Each line of the data below from the one holding "JANUS Handcuff Bracelets" to the one holding "Brunette in Fedora: Ambient Office Portrait", inclusive, is to be reproduced exactly; no other line belongs in the answer.

(SUPPLIED RECORDS begins)

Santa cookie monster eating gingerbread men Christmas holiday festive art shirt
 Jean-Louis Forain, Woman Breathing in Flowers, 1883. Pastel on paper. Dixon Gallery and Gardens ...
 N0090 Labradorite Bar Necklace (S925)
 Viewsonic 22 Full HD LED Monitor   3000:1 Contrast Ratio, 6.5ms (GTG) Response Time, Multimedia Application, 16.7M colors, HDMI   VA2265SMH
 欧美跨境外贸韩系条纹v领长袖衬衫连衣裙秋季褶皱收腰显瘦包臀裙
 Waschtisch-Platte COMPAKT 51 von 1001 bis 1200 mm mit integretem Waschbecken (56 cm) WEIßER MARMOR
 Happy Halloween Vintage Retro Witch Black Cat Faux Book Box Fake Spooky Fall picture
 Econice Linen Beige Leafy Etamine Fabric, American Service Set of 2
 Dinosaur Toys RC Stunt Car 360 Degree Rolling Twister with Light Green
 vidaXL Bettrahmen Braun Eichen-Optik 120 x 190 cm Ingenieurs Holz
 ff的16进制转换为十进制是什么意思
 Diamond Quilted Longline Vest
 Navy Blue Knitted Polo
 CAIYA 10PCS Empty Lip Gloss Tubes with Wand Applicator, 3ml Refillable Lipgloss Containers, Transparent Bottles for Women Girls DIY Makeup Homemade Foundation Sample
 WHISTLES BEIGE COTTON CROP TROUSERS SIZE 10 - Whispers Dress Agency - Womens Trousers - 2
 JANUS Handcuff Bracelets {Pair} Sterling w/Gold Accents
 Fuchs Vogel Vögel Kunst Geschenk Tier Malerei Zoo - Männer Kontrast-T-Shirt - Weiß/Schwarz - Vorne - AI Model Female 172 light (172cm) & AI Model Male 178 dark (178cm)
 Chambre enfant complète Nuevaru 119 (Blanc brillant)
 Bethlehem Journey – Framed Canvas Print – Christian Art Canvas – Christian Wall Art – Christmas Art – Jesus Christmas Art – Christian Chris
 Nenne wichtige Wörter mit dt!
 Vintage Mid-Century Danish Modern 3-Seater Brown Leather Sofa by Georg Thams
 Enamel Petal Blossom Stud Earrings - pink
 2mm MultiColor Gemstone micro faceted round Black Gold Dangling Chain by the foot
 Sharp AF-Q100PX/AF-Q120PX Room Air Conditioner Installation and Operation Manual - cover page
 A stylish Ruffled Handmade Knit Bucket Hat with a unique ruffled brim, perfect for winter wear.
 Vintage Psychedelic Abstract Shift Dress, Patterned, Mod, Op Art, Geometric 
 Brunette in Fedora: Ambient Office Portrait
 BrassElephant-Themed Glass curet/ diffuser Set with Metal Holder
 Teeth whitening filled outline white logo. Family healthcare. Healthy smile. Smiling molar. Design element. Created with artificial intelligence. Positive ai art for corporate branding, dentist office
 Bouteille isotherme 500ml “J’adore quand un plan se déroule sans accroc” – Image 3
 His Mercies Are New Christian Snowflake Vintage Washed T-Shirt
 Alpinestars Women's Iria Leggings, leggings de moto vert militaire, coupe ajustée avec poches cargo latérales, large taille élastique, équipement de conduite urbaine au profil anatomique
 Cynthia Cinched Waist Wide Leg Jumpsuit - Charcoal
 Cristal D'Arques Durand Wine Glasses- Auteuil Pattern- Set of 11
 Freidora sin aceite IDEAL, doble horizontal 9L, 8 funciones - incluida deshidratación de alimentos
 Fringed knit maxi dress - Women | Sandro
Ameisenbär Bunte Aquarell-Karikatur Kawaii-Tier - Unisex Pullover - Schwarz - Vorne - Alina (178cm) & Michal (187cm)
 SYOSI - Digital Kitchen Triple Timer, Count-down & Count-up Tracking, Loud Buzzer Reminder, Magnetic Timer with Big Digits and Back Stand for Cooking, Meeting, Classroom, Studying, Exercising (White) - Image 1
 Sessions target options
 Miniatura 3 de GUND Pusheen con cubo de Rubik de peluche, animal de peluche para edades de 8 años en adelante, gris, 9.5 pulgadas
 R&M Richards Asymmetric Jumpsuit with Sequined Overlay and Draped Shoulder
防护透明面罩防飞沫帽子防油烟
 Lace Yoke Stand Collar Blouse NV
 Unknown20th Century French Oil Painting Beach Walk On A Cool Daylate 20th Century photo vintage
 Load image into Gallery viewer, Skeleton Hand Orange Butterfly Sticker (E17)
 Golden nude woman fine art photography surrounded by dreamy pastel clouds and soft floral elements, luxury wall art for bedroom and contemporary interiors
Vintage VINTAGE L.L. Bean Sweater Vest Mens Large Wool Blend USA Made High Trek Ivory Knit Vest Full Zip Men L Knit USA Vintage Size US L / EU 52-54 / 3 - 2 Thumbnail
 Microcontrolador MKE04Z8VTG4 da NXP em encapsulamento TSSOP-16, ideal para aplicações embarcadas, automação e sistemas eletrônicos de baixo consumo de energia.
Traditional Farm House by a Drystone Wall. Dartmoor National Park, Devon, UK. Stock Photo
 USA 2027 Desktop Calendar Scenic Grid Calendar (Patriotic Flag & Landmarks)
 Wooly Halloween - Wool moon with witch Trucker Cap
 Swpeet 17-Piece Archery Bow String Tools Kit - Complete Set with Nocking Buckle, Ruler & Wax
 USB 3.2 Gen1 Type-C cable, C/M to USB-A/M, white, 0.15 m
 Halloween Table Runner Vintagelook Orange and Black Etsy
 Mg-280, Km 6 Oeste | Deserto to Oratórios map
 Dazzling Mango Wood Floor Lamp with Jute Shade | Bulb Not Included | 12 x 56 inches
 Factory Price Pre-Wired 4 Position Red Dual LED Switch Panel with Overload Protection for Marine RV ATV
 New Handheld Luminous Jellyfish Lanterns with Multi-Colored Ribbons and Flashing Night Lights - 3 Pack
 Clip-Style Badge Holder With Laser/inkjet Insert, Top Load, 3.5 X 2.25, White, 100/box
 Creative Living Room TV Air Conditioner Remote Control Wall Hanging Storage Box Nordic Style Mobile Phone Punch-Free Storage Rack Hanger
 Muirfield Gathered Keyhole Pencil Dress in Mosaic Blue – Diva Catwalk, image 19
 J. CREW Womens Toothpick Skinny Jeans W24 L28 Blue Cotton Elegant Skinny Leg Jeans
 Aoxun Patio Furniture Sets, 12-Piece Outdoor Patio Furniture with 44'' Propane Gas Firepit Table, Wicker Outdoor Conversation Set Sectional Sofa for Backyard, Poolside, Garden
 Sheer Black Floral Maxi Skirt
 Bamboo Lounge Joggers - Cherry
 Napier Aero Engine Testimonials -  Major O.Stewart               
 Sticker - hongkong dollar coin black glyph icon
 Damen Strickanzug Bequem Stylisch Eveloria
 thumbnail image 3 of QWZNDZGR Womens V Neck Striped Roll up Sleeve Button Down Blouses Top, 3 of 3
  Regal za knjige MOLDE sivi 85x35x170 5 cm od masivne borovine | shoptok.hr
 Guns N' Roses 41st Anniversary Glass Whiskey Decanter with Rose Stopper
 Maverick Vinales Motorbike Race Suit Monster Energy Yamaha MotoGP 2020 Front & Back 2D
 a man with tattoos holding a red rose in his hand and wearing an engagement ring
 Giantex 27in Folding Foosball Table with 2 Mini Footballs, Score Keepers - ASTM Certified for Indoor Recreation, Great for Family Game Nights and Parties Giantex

(SUPPLIED RECORDS ends)

__RESPONSE TO THE TASK__:
 JANUS Handcuff Bracelets {Pair} Sterling w/Gold Accents
 Fuchs Vogel Vögel Kunst Geschenk Tier Malerei Zoo - Männer Kontrast-T-Shirt - Weiß/Schwarz - Vorne - AI Model Female 172 light (172cm) & AI Model Male 178 dark (178cm)
 Chambre enfant complète Nuevaru 119 (Blanc brillant)
 Bethlehem Journey – Framed Canvas Print – Christian Art Canvas – Christian Wall Art – Christmas Art – Jesus Christmas Art – Christian Chris
 Nenne wichtige Wörter mit dt!
 Vintage Mid-Century Danish Modern 3-Seater Brown Leather Sofa by Georg Thams
 Enamel Petal Blossom Stud Earrings - pink
 2mm MultiColor Gemstone micro faceted round Black Gold Dangling Chain by the foot
 Sharp AF-Q100PX/AF-Q120PX Room Air Conditioner Installation and Operation Manual - cover page
 A stylish Ruffled Handmade Knit Bucket Hat with a unique ruffled brim, perfect for winter wear.
 Vintage Psychedelic Abstract Shift Dress, Patterned, Mod, Op Art, Geometric 
 Brunette in Fedora: Ambient Office Portrait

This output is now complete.